**What to work on**
Reproduce the entries that follow exactly, dropping each image.

**Given data**
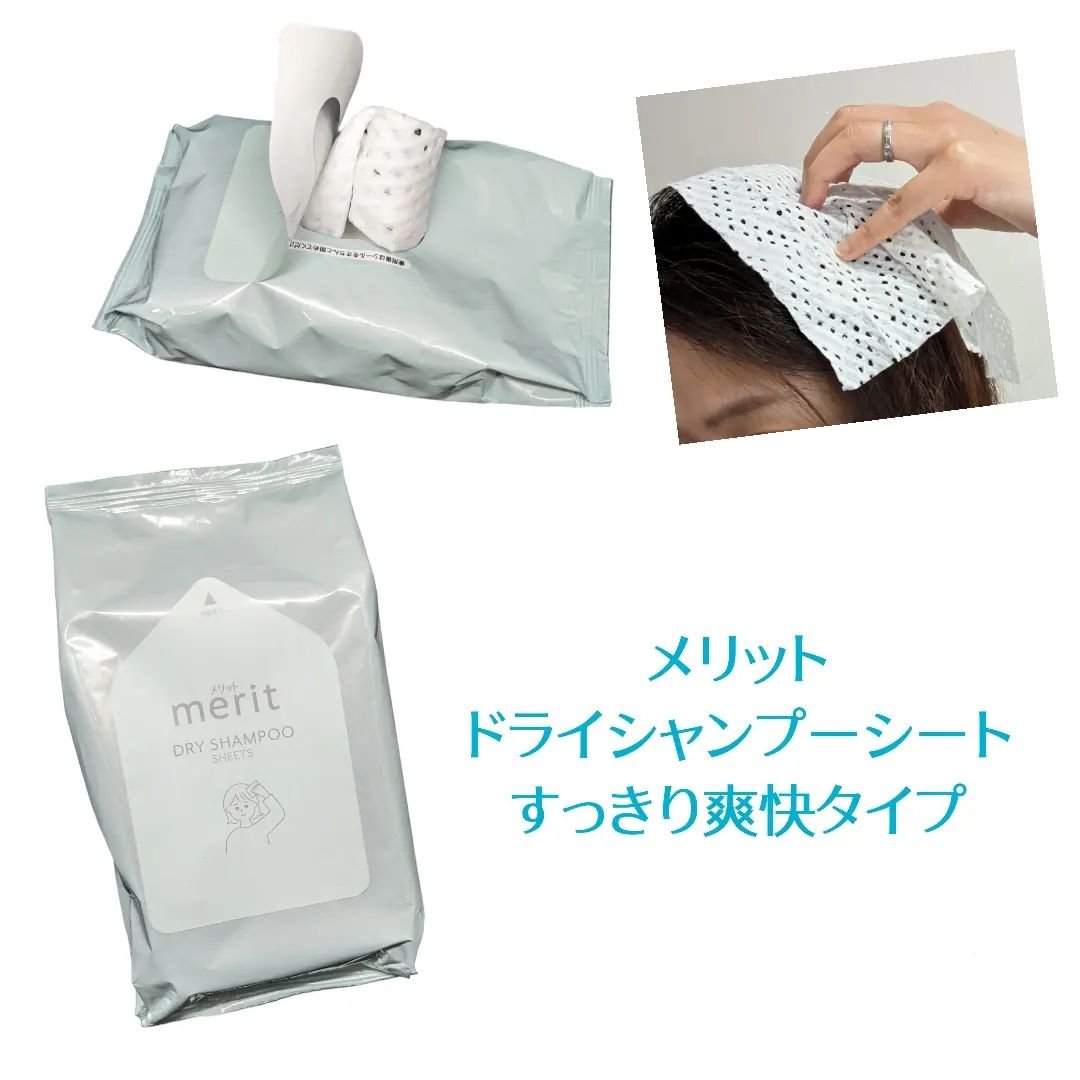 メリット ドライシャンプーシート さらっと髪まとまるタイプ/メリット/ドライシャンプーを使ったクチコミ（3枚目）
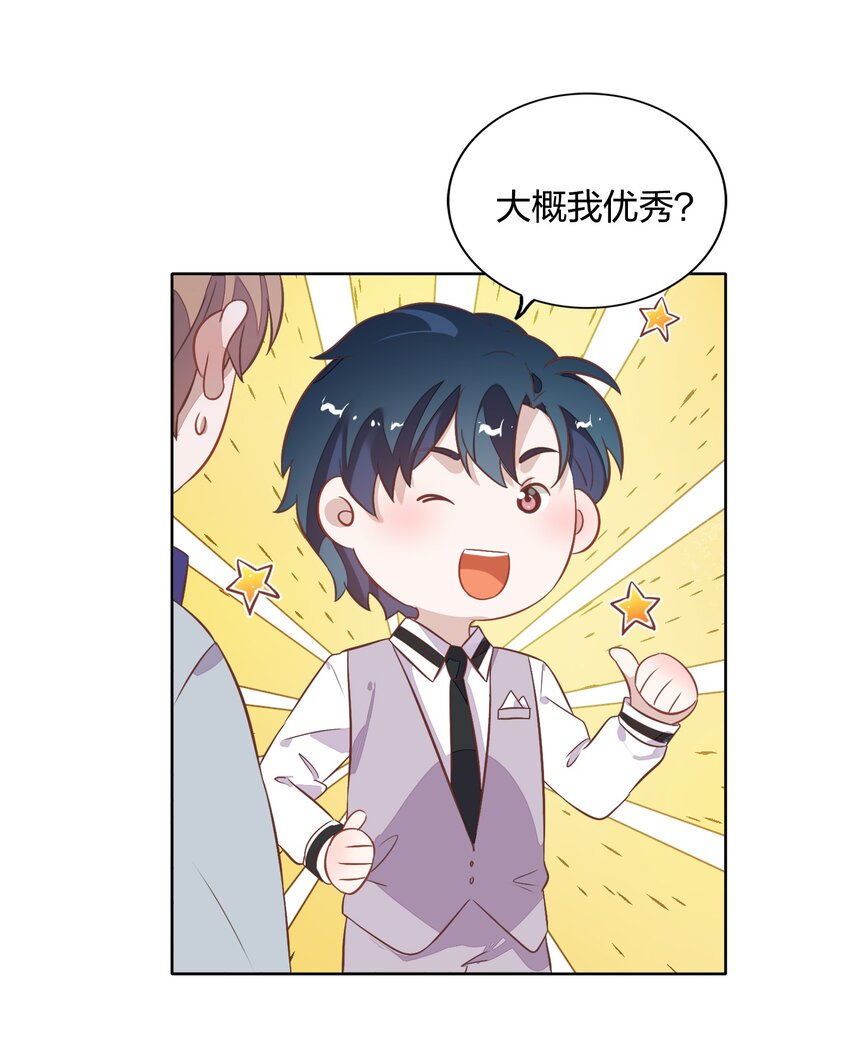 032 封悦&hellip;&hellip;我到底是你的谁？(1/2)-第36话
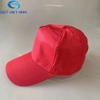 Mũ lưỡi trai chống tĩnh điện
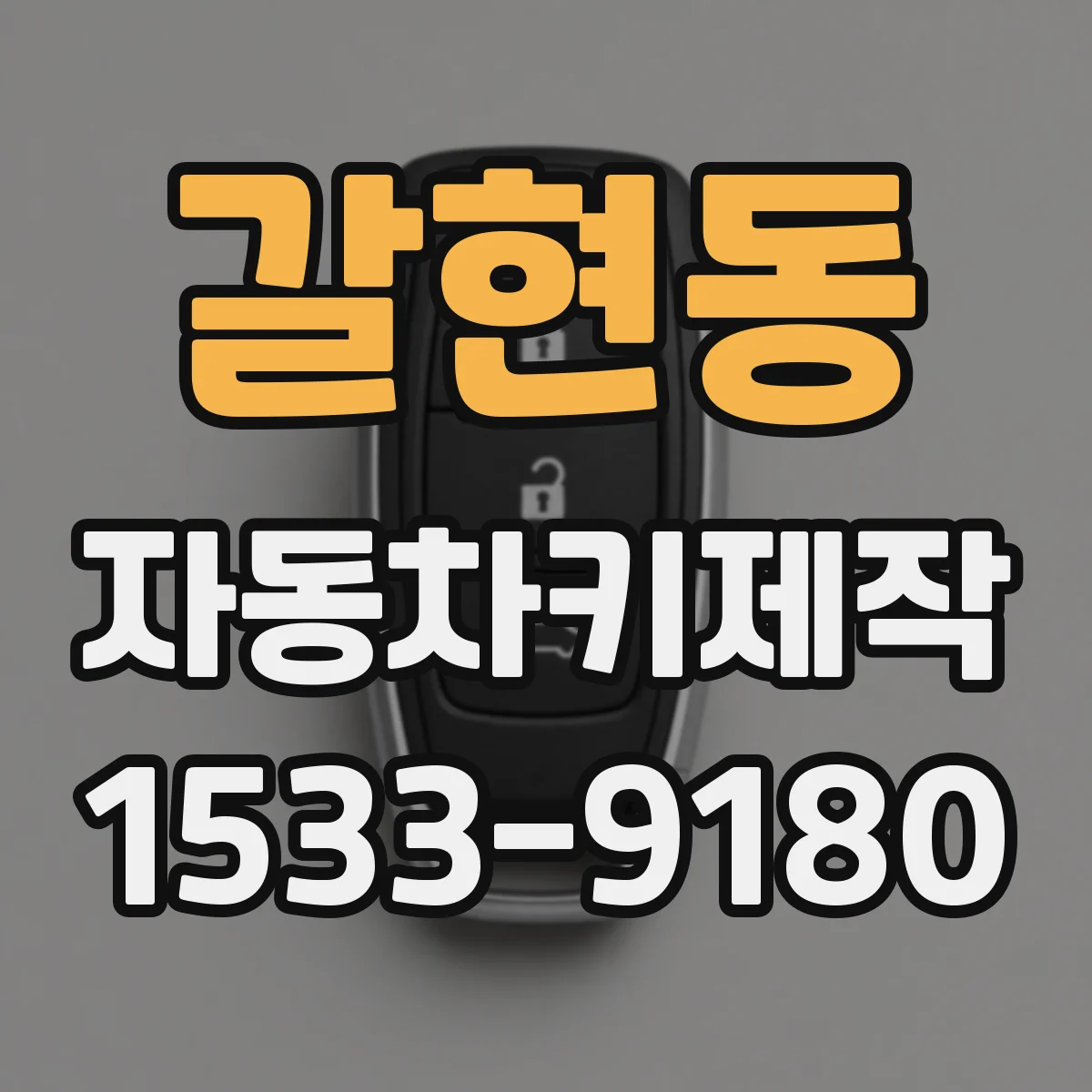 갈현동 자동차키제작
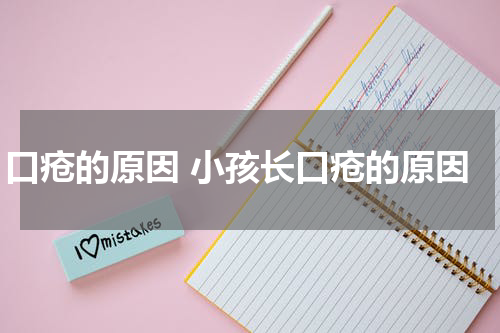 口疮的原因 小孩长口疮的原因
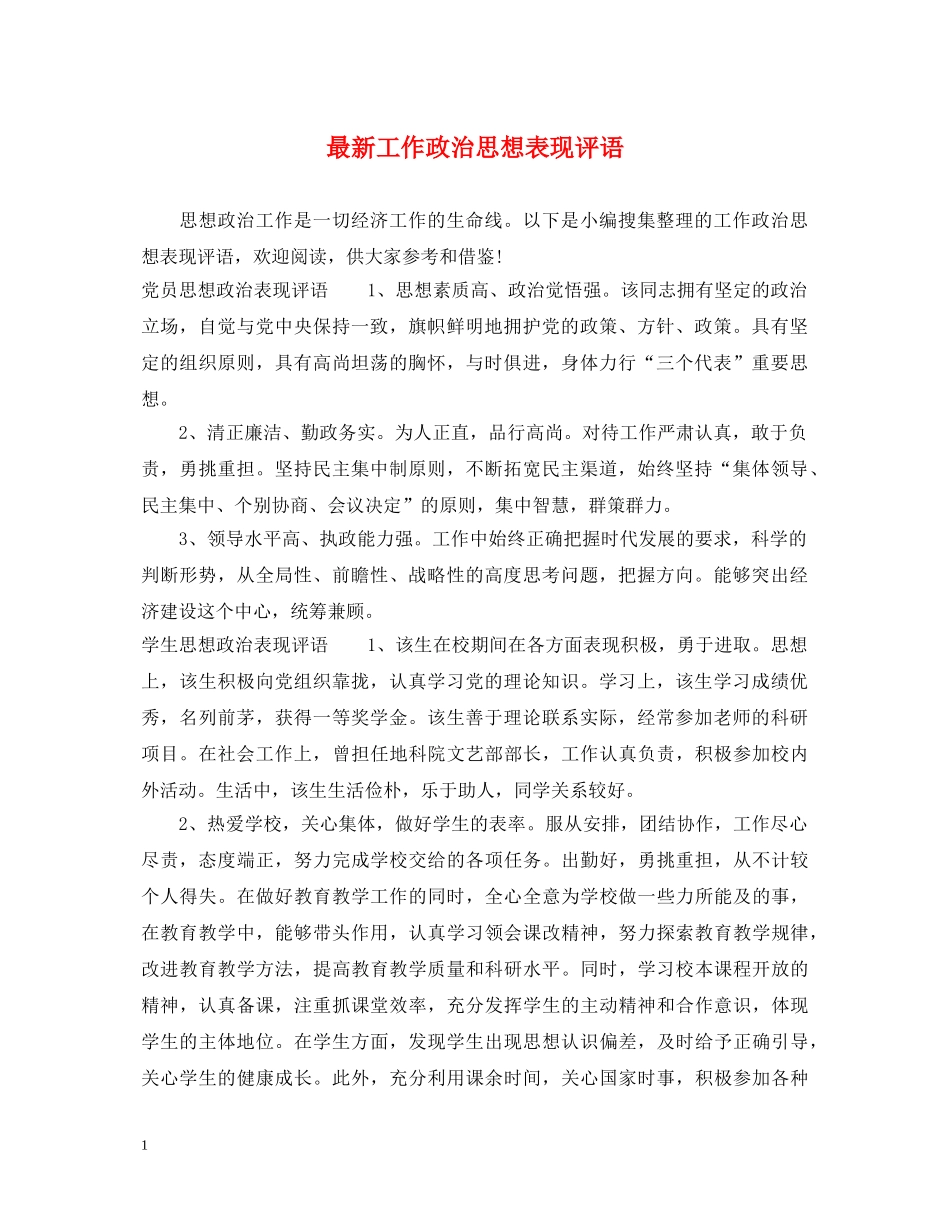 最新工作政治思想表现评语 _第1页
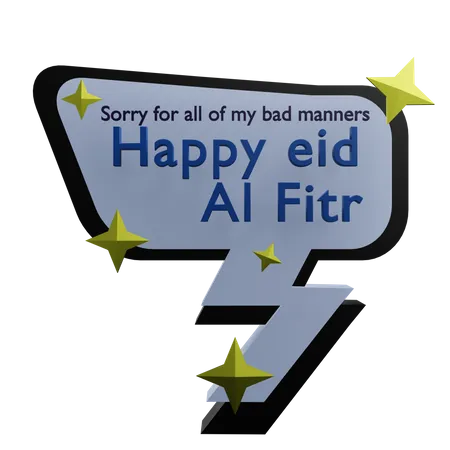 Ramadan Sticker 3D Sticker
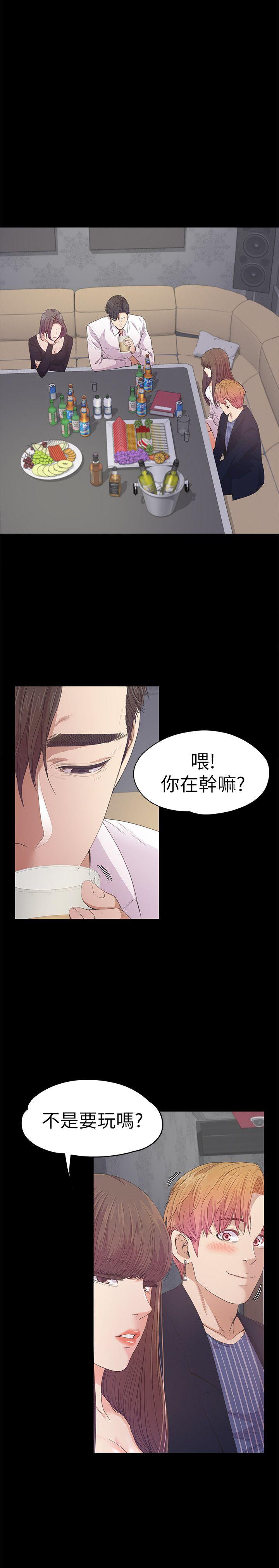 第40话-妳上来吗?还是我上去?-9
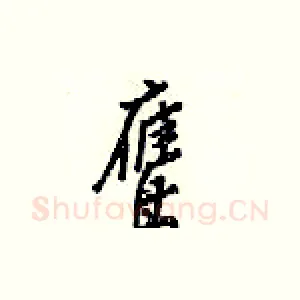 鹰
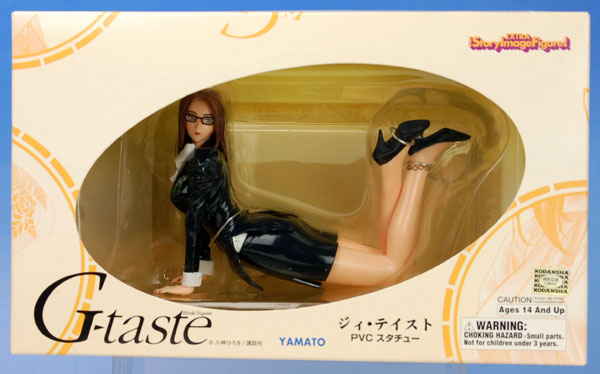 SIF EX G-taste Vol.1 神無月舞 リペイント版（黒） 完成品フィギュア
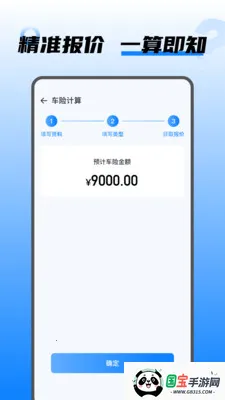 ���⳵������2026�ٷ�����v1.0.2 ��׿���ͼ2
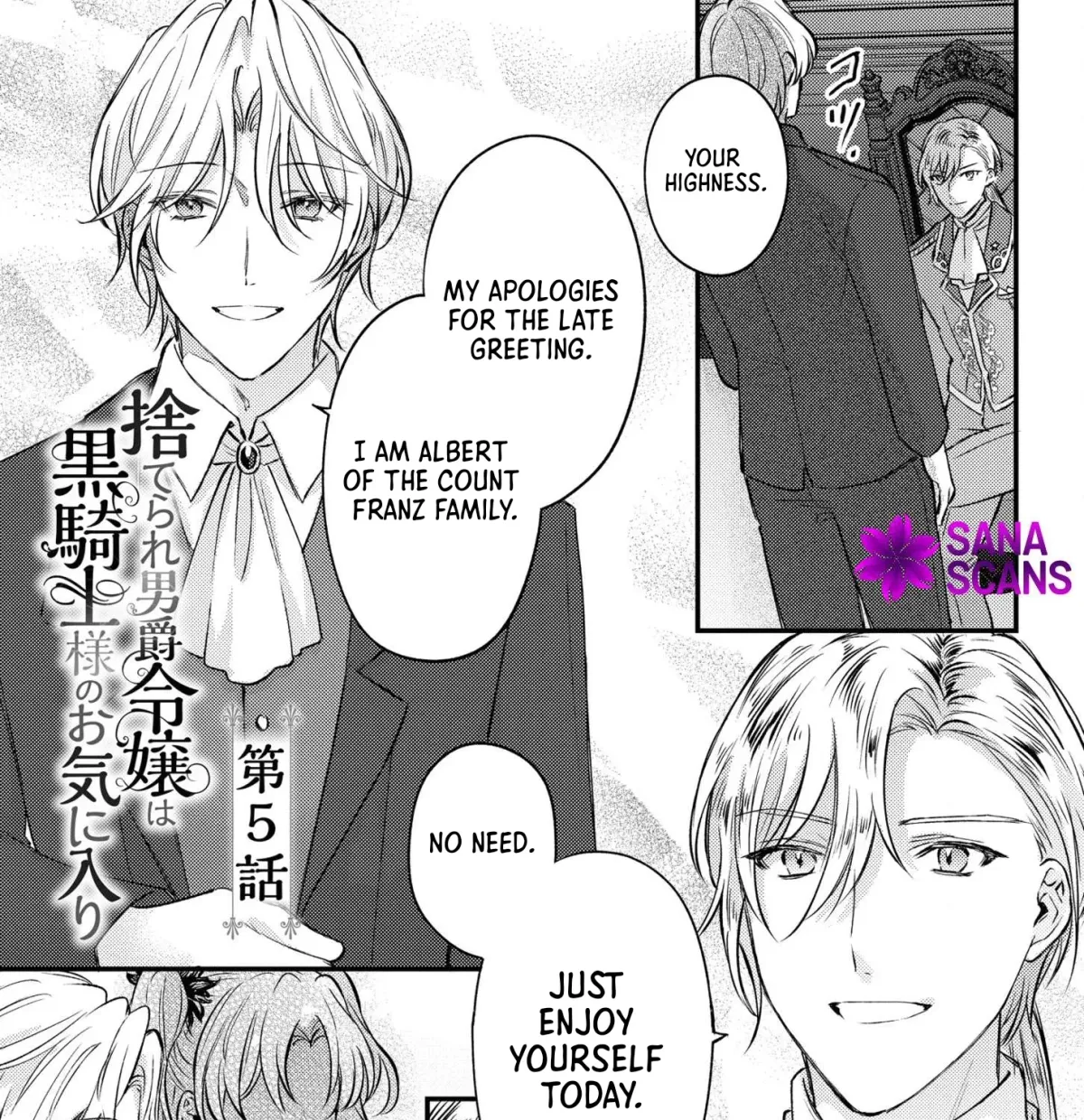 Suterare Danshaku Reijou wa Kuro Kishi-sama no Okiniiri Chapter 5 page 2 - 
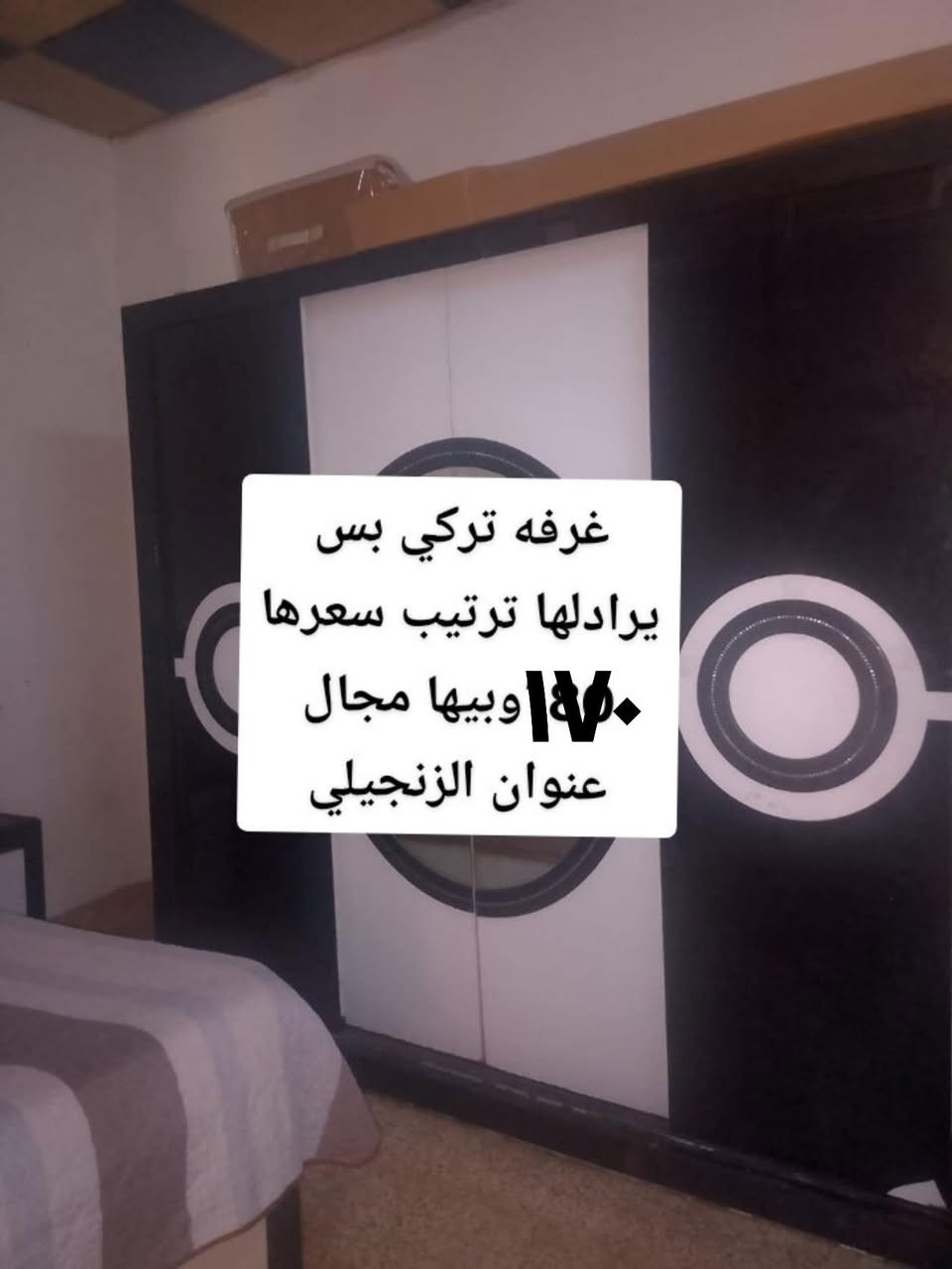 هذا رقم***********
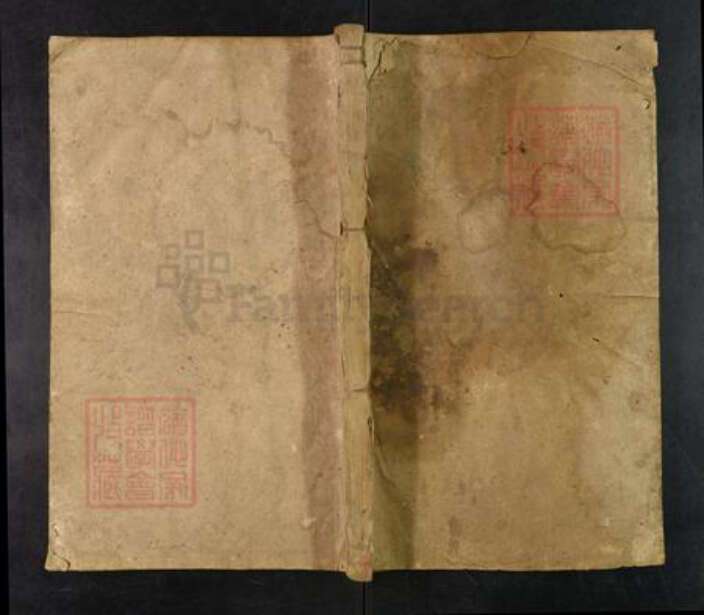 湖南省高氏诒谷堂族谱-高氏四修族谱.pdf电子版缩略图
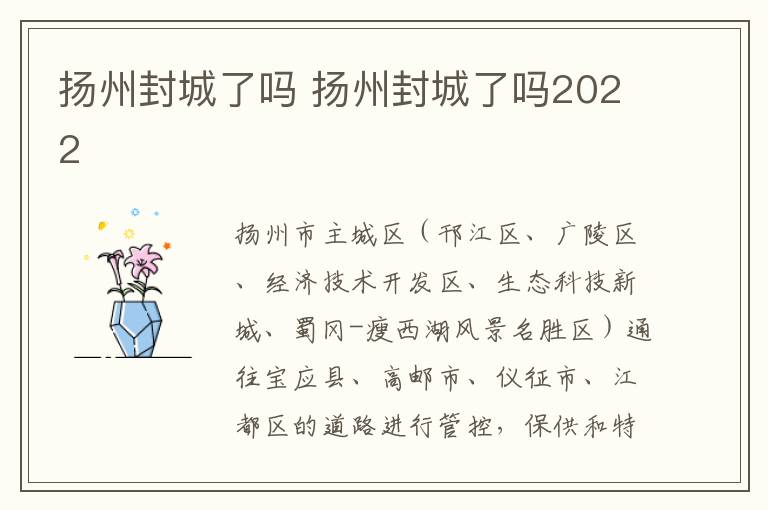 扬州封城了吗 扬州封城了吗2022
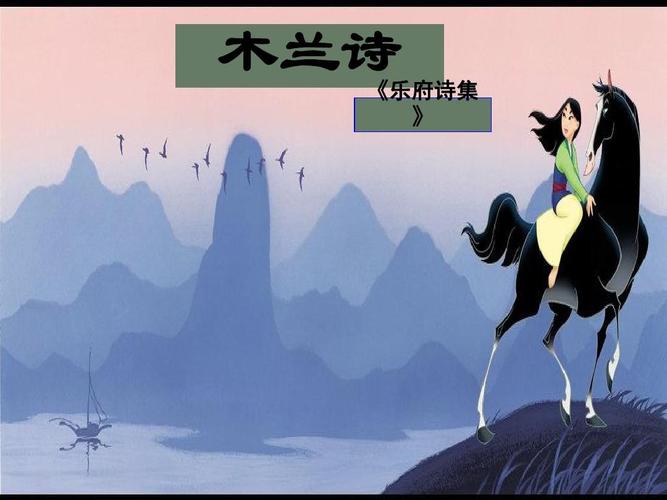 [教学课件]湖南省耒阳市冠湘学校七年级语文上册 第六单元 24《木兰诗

**Task answer**
 メリット ドライシャンプーシート さらっと髪まとまるタイプ/メリット/ドライシャンプーを使ったクチコミ（3枚目）
 032 封悦&hellip;&hellip;我到底是你的谁？(1/2)-第36话
 Mũ lưỡi trai chống tĩnh điện
 갈현동 자동차키제작
 口疮的原因 小孩长口疮的原因
 最新工作政治思想表现评语 _第1页
 Ramadan Sticker 3D Sticker
 第40话-妳上来吗?还是我上去?-9
 鹰
 SIF EX G-taste Vol.1 神無月舞 リペイント版（黒） 完成品フィギュア
 ���⳵������2026�ٷ�����v1.0.2 ��׿���ͼ2
 Suterare Danshaku Reijou wa Kuro Kishi-sama no Okiniiri Chapter 5 page 2 - 
 هذا رقم***********
 湖南省高氏诒谷堂族谱-高氏四修族谱.pdf电子版缩略图
 扬州封城了吗 扬州封城了吗2022
 [教学课件]湖南省耒阳市冠湘学校七年级语文上册 第六单元 24《木兰诗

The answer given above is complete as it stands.